Umsatzrückgänge zwischen 40 und 100 Prozent

Stefan Brockmann, Vizepräses der Handelskammer Bremen – IHK für Bremen und Bremerhaven, berichtet im Interview von der Lage im Einzelhandel.

Gibt es bereits konkrete Zahlen zu den Umsatzverlusten im Einzelhandel?

Genaue Zahlen gibt es noch nicht, aber wir haben Hochrechnungen für das Jahr 2020. Im stationären Non-food-Handel gehen wir je nach Branche von einem Umsatzrückgang von 20 bis 35 Prozent aus – bezogen auf alle zwölf Monate. In diesem Jahr hören wir bei den bis vor kurzem komplett geschlossenen Geschäften von Umsatzrückgängen zwischen 40 Prozent und 100 Prozent.

Wie schätzen Sie die Gefahr für Insolvenzen ein?

Bei großen Unternehmen sind ja bereits mehrere Insolvenzverfahren bekannt. Betroffen sind aber auch Bremer Traditionsgeschäfte. Bei einigen gibt es keine Fortführungsperspektive mehr. Ich befürchte, das ist noch lange nicht das Ende. Je länger die Unternehmen nicht vollständig öffnen, desto größer wird die Zahl an Insolvenzen.

Sind die Überbrückungshilfen ein wirksames Instrument?

Es dauerte lange, bis sie überhaupt erst beantragt werden konnten. Und sie helfen erst, wenn das Geld tatsächlich auf dem Konto ist. Die Überbrückungshilfen lindern auch nur einen Teil der Not, weil nur die Fixkosten erstattet werden. Im Gegensatz zu anderen Branchen werden die variablen Kosten leider ausgeblendet, also zum Beispiel die Ware, bei der die Händler ins Vororderrisiko gehen. Die Ware, die letztes Jahr im August unter guten Voraussetzungen für Februar bis August 2021 vorgeordert und gekauft wurde, kommt jetzt in die Läden. Die Händler haben bislang nur wenige Chancen, sie zu verkaufen, und natürlich fehlen ihnen auch die finanziellen Mittel, sie zu bezahlen. Händler können auch keine eigenen Gehälter entnehmen, sodass zusätzlich die eine oder andere Privatinsolvenz zu befürchten ist.

Es muss eine klare Perspektive geben, auf die man hinarbeiten kann.

Vizepräses Stefan Brockmann

Warum sind sie mit dem bisherigen Vorgehen des Bundes und der Länder unzufrieden?

Wir brauchen die Öffnungsperspektive nicht nur für einige Geschäfte, sondern für alle, und zwar verlässlich. Ursprünglich war der Lockdown bis zum 10. Januar terminiert, dann bis Ende Januar, bis Mitte Februar, bis zum 8. März und nun bis zum Osterwochenende – wir machen eine Verlängerung nach der nächsten. Gleichzeitig wurde über eine weitere Senkung des Sieben-Tage-Inzidenzwerts als Indikator für mögliche Öffnungen diskutiert. Wir können nicht immer die Spielregeln ändern. Es muss eine klare Perspektive geben, auf die man hinarbeiten kann. Das sind unhaltbare Zustände.

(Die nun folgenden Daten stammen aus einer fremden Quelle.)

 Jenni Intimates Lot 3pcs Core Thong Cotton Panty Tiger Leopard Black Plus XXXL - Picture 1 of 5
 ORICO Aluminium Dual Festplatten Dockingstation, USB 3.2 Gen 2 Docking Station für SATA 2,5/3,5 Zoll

Befürchten Sie, dass der stationäre Einzelhandel einen Teil seines Geschäfts für immer an den Online-Handel verloren hat?

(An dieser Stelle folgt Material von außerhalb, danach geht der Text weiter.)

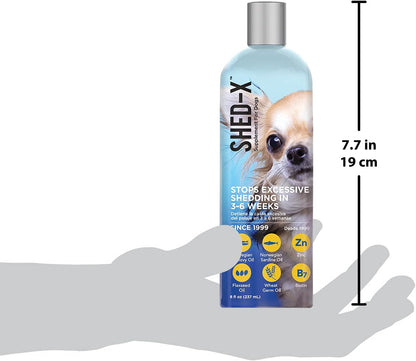 Shed-X Liquid Dog Supplement, 227 ml – 100% Natural – Helps Dog Shedding, Fish Oil for Dogs Supports Skin & Coat, Dog Oil for Food with Essential Fatty Acids, Vitamins, and Minerals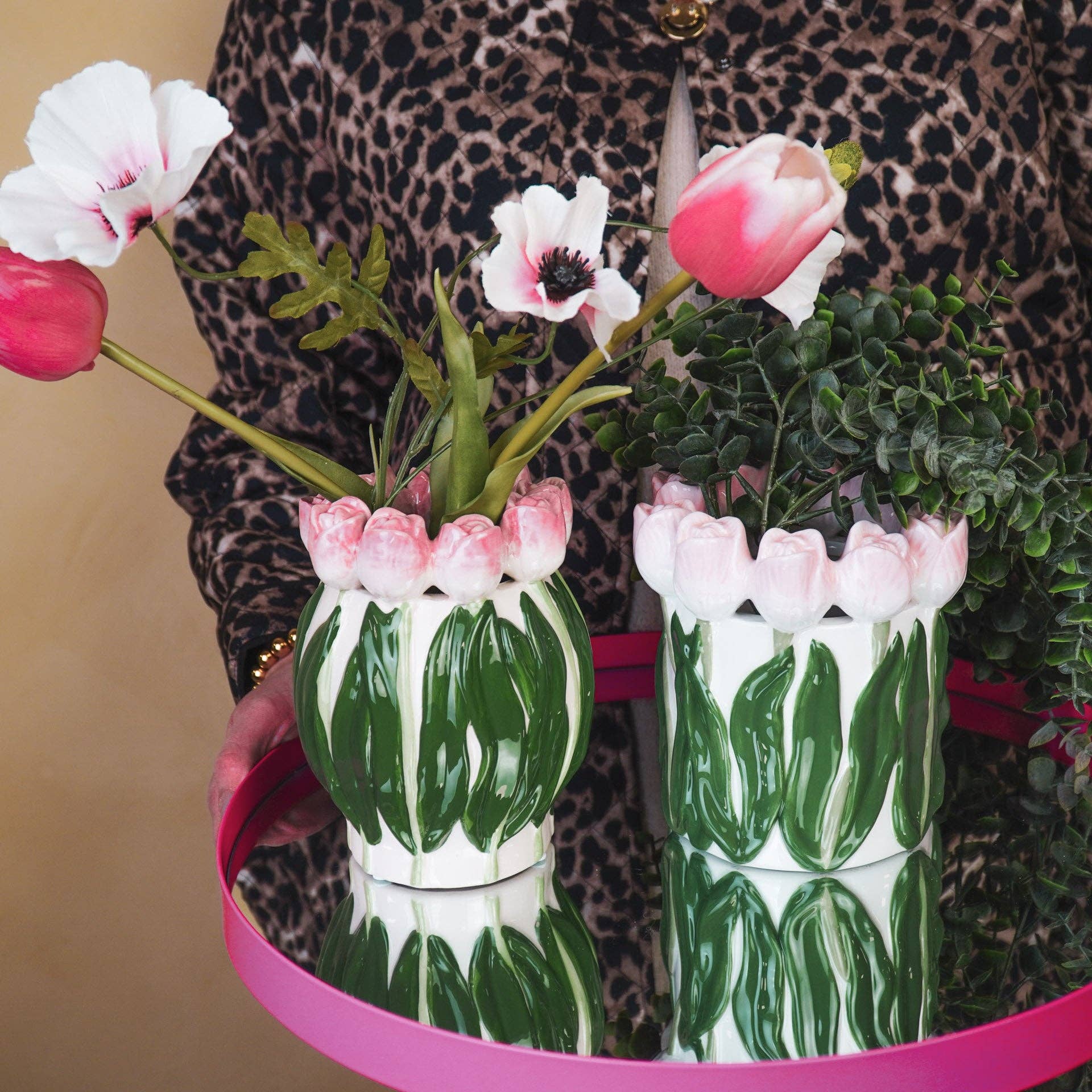 Vase Tulipes - Rose clair/Vert | Designproducten en originele cadeaus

Das Risiko ist schon da. Es ist schwer zu sagen, wie sich die Tendenz nach der vollständigen Wiedereröffnung tatsächlich abbildet. Wahrscheinlich sind langfristige wirtschaftliche Schäden entstanden, die wir natürlich sehr gerne vermieden hätten.

Sehen Sie auch einen Hoffnungsschimmer, weil sich einige Unternehmen nun verstärkt mit der Digitalisierung und mit Innovationen auseinandergesetzt haben, die es vorher nicht getan haben?

Ja, wir können schon sehen, dass es einen Digitalisierungsschub gibt. Die digitalen Umsätze helfen natürlich auch, die Not zu lindern. Dennoch bleibt die persönliche Beratung, der persönliche Kontakt und die Möglichkeit des Anfassens der Waren vor Ort für einige Branchen das originäre Geschäft.